Two VAFA matches will be played on Anzac Day, Monday. St Bedes/Mentone Tigers host Old Scotch in an Anzac Day traditional clash. This match is able to be reintroduced this season as both are reunited in the same section. On the other side of town Fitzroy will host AJAX at the Brunswick St Oval. Two opportunities for independent VAFA supporters to spend a relaxing holiday afternoon watching some great football without the stresses of their team playing.  

Whilst not actually participating on Anzac Day, many clubs will still be conducting service to honour the Anzacs, predominantly during the interval between the reserves and the seniors.

As we remember these heroic deeds of great Australian soldiers it is with great sadness the football community in Melbourne was devastated to lose a young Australian in a cowardly act last weekend. On behalf of the VAFA community I would like to extend our sincere condolences to the Cronin family on the tragic passing of their son Patrick.

Patrick played his junior football with Research FC and then progressed to their senior affiliate Lower Plenty FC in the Northern Football League. Whilst his team were defeated by West Preston- Lakeside he was celebrating playing his first senior football match with his brother Lucas.  A large brawl broke out at a hotel in Diamond Creek and Patrick was punched from behind when coming to the aid of a friend caught in the crossfire.

Patrick never regained consciousness and his life support system was turned off on Monday. All of Patrick’s organ’s, except for his heart, have been donated.

The VAFA community suffered from an event when James Macready-Bryan was celebrating his 20th birthday with his Old Carey teammates. An act of senseless violence left James permanently disabled.

The James Macready-Bryan Foundation was set up in February 2007 with these main aims:

  • To provide financial support for care and rehabilitation, not only for James, but also for other young sufferers of an acquired brain injury.
  • To give a public voice to those young people, who all too often literally cannot speak for themselves.
  • To improve the shortfalls in the medical, financial, political and social service systems, in which young lives are saved but not adequately supported.

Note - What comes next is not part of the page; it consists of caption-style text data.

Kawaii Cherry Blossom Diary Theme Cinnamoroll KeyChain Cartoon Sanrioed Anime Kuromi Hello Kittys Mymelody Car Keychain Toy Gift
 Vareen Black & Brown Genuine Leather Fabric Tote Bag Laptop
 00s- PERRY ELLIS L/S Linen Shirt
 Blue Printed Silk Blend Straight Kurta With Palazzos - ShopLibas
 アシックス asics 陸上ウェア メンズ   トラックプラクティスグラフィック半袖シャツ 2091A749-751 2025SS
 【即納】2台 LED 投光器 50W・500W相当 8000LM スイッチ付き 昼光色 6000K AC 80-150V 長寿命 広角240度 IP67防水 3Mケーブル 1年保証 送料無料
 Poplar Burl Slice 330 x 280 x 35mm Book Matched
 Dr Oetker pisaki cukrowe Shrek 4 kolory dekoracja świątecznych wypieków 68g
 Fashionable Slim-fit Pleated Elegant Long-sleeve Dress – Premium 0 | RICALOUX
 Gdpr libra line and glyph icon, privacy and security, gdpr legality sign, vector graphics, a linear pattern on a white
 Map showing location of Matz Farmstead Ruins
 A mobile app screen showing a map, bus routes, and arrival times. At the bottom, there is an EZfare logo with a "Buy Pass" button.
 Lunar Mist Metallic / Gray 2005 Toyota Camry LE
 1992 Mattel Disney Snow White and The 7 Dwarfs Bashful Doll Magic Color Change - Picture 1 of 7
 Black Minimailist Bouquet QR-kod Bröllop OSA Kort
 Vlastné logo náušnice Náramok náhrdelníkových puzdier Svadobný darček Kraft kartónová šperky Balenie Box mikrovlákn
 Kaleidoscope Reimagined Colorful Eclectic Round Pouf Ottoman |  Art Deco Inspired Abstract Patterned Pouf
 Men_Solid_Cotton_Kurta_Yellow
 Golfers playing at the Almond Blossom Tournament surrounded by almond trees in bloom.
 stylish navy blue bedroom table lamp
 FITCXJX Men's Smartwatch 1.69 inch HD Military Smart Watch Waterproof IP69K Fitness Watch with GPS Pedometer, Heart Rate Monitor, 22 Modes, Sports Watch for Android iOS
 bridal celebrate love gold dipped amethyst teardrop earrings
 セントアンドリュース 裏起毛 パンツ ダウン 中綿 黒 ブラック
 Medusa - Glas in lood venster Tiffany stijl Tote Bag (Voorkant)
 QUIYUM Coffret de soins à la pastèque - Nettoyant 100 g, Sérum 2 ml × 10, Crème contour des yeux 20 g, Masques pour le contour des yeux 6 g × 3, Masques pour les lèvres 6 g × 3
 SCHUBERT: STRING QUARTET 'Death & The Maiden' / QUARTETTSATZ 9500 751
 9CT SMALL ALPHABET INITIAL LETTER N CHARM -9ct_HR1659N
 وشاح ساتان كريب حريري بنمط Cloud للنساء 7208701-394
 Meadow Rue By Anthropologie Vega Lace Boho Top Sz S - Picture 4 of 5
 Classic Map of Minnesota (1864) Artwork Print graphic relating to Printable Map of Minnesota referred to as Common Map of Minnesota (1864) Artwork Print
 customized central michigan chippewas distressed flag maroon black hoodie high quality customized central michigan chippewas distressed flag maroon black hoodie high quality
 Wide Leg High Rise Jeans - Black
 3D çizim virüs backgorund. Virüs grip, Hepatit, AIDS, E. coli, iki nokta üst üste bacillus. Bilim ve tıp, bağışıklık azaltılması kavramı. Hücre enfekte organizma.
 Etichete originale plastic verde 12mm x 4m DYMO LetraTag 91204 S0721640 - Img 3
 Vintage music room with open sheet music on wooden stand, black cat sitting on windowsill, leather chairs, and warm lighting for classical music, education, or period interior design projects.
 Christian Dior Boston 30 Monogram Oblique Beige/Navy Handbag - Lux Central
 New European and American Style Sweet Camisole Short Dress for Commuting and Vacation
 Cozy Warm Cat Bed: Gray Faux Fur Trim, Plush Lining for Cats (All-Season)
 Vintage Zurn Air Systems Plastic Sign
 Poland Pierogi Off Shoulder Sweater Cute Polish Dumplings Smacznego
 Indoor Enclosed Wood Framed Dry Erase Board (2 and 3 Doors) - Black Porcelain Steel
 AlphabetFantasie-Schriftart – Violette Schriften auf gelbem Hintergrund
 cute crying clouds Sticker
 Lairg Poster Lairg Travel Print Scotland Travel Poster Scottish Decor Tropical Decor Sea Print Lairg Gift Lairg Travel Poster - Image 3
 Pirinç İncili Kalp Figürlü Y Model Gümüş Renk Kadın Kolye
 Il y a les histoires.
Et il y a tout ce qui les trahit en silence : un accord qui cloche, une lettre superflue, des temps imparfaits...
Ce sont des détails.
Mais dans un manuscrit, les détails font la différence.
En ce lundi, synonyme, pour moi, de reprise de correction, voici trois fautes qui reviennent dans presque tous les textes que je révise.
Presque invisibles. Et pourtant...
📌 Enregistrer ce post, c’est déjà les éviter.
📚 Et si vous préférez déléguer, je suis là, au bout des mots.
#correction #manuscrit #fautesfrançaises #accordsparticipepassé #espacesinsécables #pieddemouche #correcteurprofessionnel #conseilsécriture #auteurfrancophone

The VAFA endeavours to promote a safe and family friendly environment to play, and watch football.  All of our clubs are supportive of the non-consumption of alcohol at our games, our strict zero tolerance of poor behaviour directed at umpires and our send-off audible obscenity rule.  These are all enforceable whilst under the strict supervision of our officials and clubs. Unfortunately, it is generally when the players are out in large numbers, without the control of our clubs that problems arise.

The VAFA and our clubs must continue to drive the messages to our players and supporters that one punch can kill.